Madagascar is on the move again. Fair and transparent presidential elections have paved the way for political stability and reawakening the economy. Investors are taking note.
“Opportunities exist in all sectors serving the local economy and among exporters,” said Satyam Ramnauth, IFC Country Manager for Madagascar. “IFC is looking at increasing its portfolio to support a vibrant private sector.”
Economic growth, which dropped to as low as 1.0 percent in 2011, has been steadily rising and is expected to jump from 3.0 percent in 2014 to 3.6 percent this year, according the Global Economic Prospects.
IFC has a strong and resilient financial sector portfolio in Madagascar, including a $25 million trade finance facility with Bank of Africa Madagascar launched last year, along with an important minority stake in the bank. IFC seeks to further facilitate access to finance, especially through telecom infrastructure, technology and mobile banking. IFC will also broaden out its investments into other areas which will help improve lives and living standards in Madagascar.
“Agriculture is a critical component of the economy and IFC believes it can leverage its knowledge across the World Bank Group to invest along with credible private sector players,” said Ramnauth. “Infrastructure investment, especially in renewable and low-cost power, is being crafted in coordination with the World Bank.
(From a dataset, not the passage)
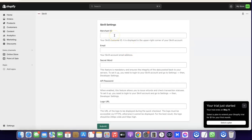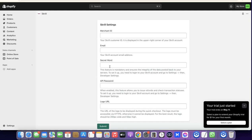The next thing you want to do is enter your Skrill email address, then enter your secret word, API password, and your logo URL. If you can't find the secret word in your Skrill account, you have to go to Developer Settings. If that option is not showing, you'll need to contact Skrill support to request access to copy your developer secret word and API password.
Our strategy extends to telecom ventures, investments related to climate change, and other projects that have significant positive impact on Madagascar’s economy.”
That strategy is helping IFC build a strong pipeline of investments that is leading to new investments. Investor prospects are further buoyed by the increasing consensus that the government and development partners can’t do it all. The private sector is being called upon to invest in assets that will create a momentum for growth and efficient resource allocation. To bolster Madagascar’s growing private sector, the World Bank Group will work closely with the government to improve the country’s investment climate through a revitalized program that begins in 2015.
“Madagascar is blessed as it has an abundance of natural and physical resources that can put the country on the path of sustainable development,” notes Ramnauth, “To leverage these, a serious commitment to infrastructure development and human development is critical. Combined with political and economic stability, which is a result of agreement between Madagascar’s key stakeholders, we expect to see significant business opportunities ahead. If sustained, these opportunities will lead to more jobs, reduced poverty, and sharing of prosperity.”